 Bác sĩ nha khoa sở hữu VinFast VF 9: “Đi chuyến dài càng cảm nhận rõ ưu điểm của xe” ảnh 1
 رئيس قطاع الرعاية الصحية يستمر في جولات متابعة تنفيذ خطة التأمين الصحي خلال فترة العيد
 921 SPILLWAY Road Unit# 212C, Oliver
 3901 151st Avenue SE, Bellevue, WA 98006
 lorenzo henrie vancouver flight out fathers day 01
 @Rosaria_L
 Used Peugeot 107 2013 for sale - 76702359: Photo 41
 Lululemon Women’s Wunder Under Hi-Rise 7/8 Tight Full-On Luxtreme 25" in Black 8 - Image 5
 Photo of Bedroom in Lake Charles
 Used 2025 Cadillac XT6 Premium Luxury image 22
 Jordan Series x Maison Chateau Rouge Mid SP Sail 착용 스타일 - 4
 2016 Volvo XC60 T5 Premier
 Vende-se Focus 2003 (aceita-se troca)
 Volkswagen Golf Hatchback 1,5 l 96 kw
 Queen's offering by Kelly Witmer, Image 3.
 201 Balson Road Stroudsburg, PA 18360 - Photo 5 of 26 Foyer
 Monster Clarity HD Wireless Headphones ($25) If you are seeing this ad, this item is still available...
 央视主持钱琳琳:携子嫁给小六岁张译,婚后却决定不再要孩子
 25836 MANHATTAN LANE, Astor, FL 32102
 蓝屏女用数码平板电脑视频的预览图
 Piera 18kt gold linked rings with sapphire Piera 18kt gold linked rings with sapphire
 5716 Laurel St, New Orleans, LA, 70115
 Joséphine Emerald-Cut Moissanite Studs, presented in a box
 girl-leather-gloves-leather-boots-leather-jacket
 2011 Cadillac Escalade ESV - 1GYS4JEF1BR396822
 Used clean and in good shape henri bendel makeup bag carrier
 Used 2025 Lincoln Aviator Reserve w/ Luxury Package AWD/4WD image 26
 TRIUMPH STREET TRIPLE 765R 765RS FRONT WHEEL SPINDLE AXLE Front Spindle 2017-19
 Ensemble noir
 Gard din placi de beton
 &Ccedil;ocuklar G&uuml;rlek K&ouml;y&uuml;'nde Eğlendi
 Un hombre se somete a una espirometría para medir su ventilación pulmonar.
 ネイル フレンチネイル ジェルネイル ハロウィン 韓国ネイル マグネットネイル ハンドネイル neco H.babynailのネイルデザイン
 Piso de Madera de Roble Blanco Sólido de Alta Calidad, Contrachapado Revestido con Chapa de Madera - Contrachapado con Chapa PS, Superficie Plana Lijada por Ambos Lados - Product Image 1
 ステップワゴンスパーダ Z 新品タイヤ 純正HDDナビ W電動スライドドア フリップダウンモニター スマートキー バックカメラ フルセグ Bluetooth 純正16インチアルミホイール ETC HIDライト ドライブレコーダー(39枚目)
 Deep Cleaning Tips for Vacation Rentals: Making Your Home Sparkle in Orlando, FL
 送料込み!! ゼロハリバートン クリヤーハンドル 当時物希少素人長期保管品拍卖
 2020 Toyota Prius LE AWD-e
━━━
■ WHAT IS EXPECTED ■
Out of the data above, transcribe exactly and only the lines starting with the line that has "Used clean and" and going on through the line that has "Piso de Madera", both included.

■ REPLY ■
 Used clean and in good shape henri bendel makeup bag carrier
 Used 2025 Lincoln Aviator Reserve w/ Luxury Package AWD/4WD image 26
 TRIUMPH STREET TRIPLE 765R 765RS FRONT WHEEL SPINDLE AXLE Front Spindle 2017-19
 Ensemble noir
 Gard din placi de beton
 &Ccedil;ocuklar G&uuml;rlek K&ouml;y&uuml;'nde Eğlendi
 Un hombre se somete a una espirometría para medir su ventilación pulmonar.
 ネイル フレンチネイル ジェルネイル ハロウィン 韓国ネイル マグネットネイル ハンドネイル neco H.babynailのネイルデザイン
 Piso de Madera de Roble Blanco Sólido de Alta Calidad, Contrachapado Revestido con Chapa de Madera - Contrachapado con Chapa PS, Superficie Plana Lijada por Ambos Lados - Product Image 1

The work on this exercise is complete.